Wednesday 21 August 2013

You're Next - Review


Director: Adam Wingard Writer: Simon Barrett Studios: Lionsgate, Snoot Entertainment Cast: Sharni Vinson, Nicholas Tucci, Wendy Glenn, AJ Bowen, Joe Swanberg, Barbara Crampton, Rob Moran Release Date (UK): 28 August 2013 Certificate: 18 Runtime: 95 min

Home-invasion horror “You’re Next,” from “V/H/S/” and “V/H/S/2” contributors Adam Wingard and Simon Barrett, may well be one of the most consistently surprising movies of 2013. You may have seen the trailers and TV spots for the movie, which feature familiar footage of teens being chased around a big house by masked maniacs — typical slasher movie fare, it seems, and the film keeps up this appearance for about its first half or so. But in its second half, when the hacking and slashing really kicks into gear, the film switches gears and transforms into something else: a Friday-night fright flick which is creative, subversive, refreshingly unpredictable and, most surprisingly of all, genuinely, wickedly funny.

The setting, immediately ominous, is a remote country house by the woods, and the victims are a wealthy family reunited for mum and dad’s wedding anniversary. When darkness falls, they are attacked by a gang of mysterious, animal-masked killers armed with an arsenal of crossbows, machetes and razor-sharp wire. Family members are graphically butchered one-by-one in an all manner of gruesome ways, with the words “You’re Next” menacingly scrawled in blood on the bedroom wall. But what the gang of killers don’t anticipate is that one member of this group of seemingly helpless victims is a trained survivalist who’ll give their stalk-n-slash methods a run for their money.

There are plot-centric shocks along the way, with mounting revelations indicating that not all is as straightforward as it seems, but most surprising is the film’s unexpected shift in tone, as it slowly but surely gains the playful, self-mocking sense of humour of Wes Craven and Kevin Williamson’s “Scream” franchise. What starts off as a tense but generic slasher flick twists itself into a darkly comic thriller in which the killers haplessly fall victim to “Home Alone”-style booby-traps and in which blood-soaked character deaths are played for laughs. The film maintains its horror routes throughout, but audiences may be shocked to find themselves laughing just as much as they’re screaming and squirming.

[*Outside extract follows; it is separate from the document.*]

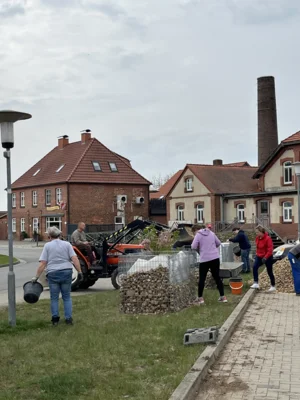 Vorschaubild: Fleißige Unterstützer beim Befüllen der Gabionen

For horror hounds, the film is appropriately gruesome, with gallons of blood spurting and spraying, and there’s a groovy synth soundtrack which calls to mind the old-school scores of “Halloween" helmer John Carpenter. The film’s stand-out is Australian actress Sharni Vinson, who’s an absolute badass as our butt-kicking, table-turning heroine — she’s not so much cowering babysitter Laurie Strode as she is an Aussie Rambo. The scares, though effective, aren’t particularly original and that wicked sense of humour could have come in handy in the film’s opening third, but it’s great to see a slasher-horror which feels this fresh, is this difficult to predict and is this much of a blast to watch.